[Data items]
↓↓↓

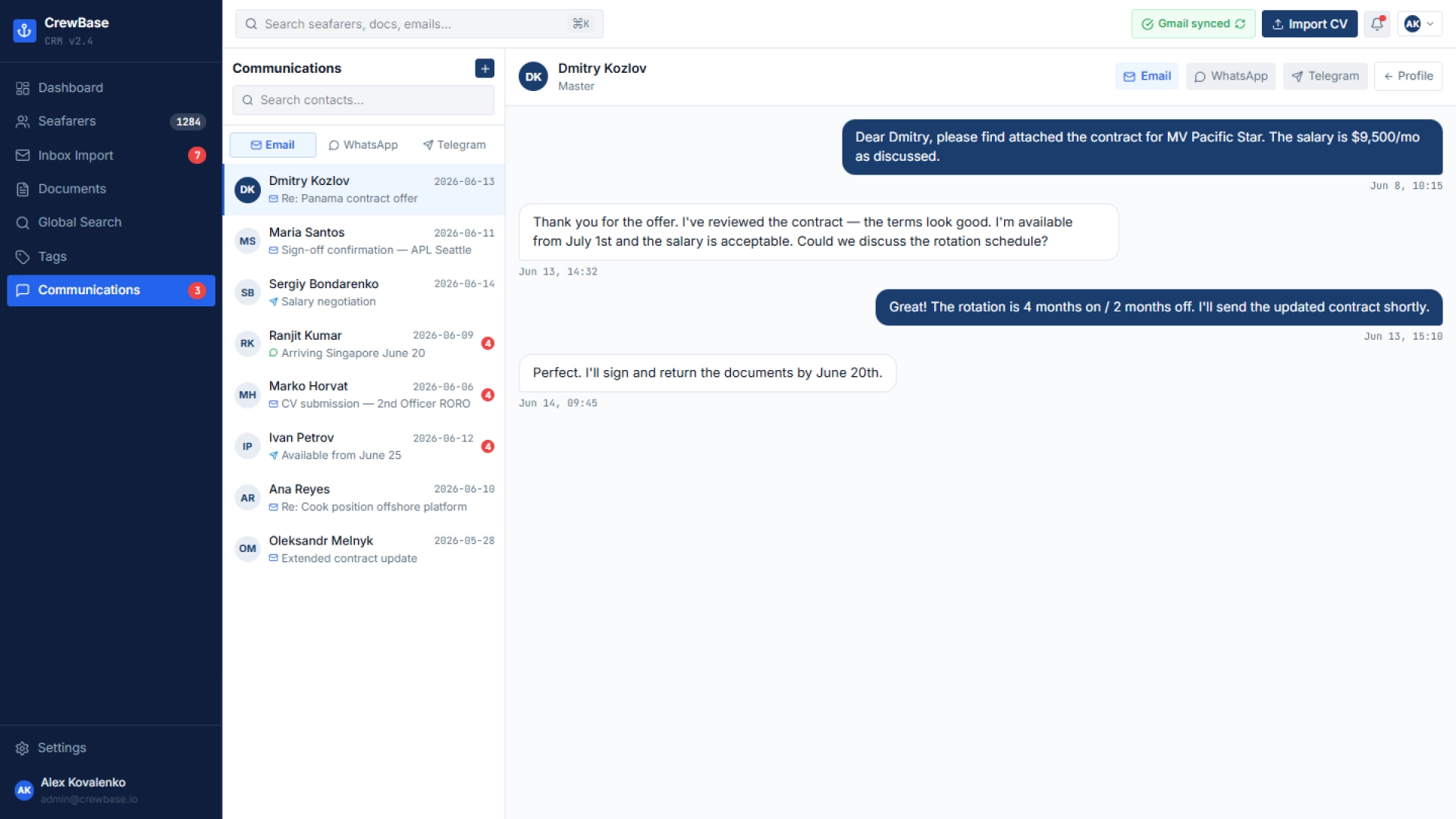 CrewBase CRM communications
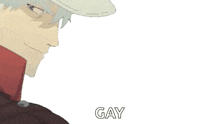 a man wearing a hat and a red jacket is saying gay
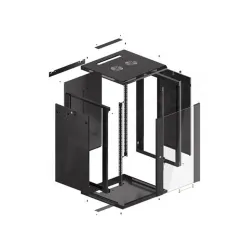 LANBERG WF01-6618-10B wall-mounted rack 19inch demounted flat pack 18U/600x600mm black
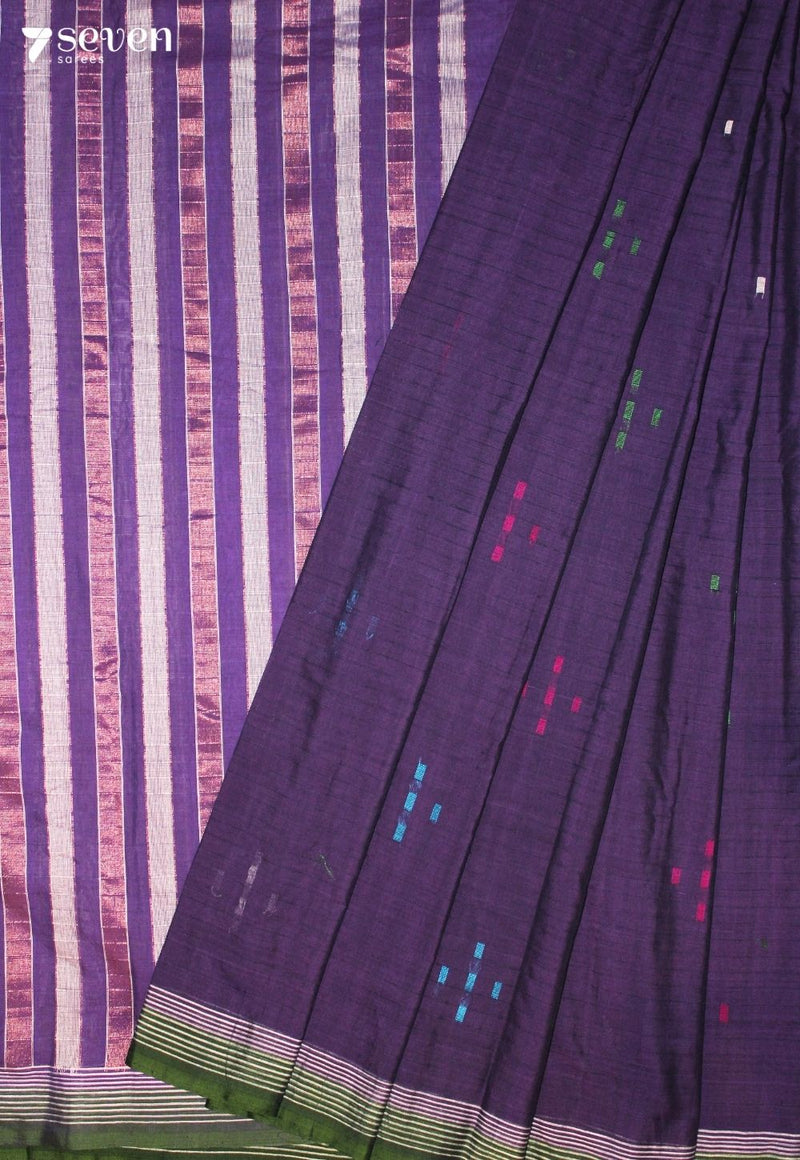 Sairumi Signature Seven Handloom Blue Bangalore Pure Cotton Saree - Seven Sarees - Saree - Seven Sarees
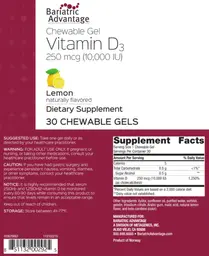 Label for Chewable Gel Vitamin D3 250 mcg (10,000 IU)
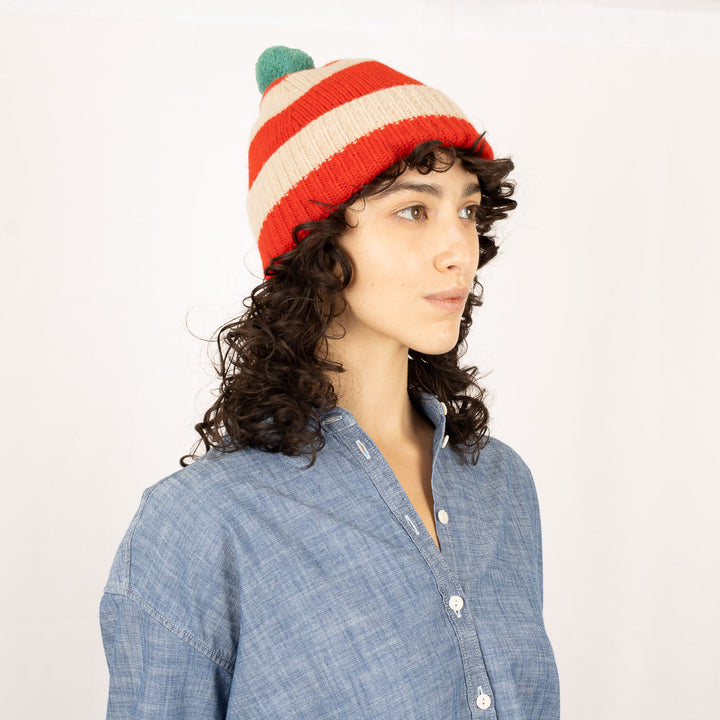 Stripe PomPom Hat -  Poppy and Oatmeal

↑↑↑

Try it: Every line above has to be output exactly; the pictures must be dropped.

Task solution:
 CrewBase CRM communications
 a man wearing a hat and a red jacket is saying gay
 LANBERG WF01-6618-10B wall-mounted rack 19inch demounted flat pack 18U/600x600mm black
 Sairumi Signature Seven Handloom Blue Bangalore Pure Cotton Saree - Seven Sarees - Saree - Seven Sarees
 Label for Chewable Gel Vitamin D3 250 mcg (10,000 IU)
 Stripe PomPom Hat -  Poppy and Oatmeal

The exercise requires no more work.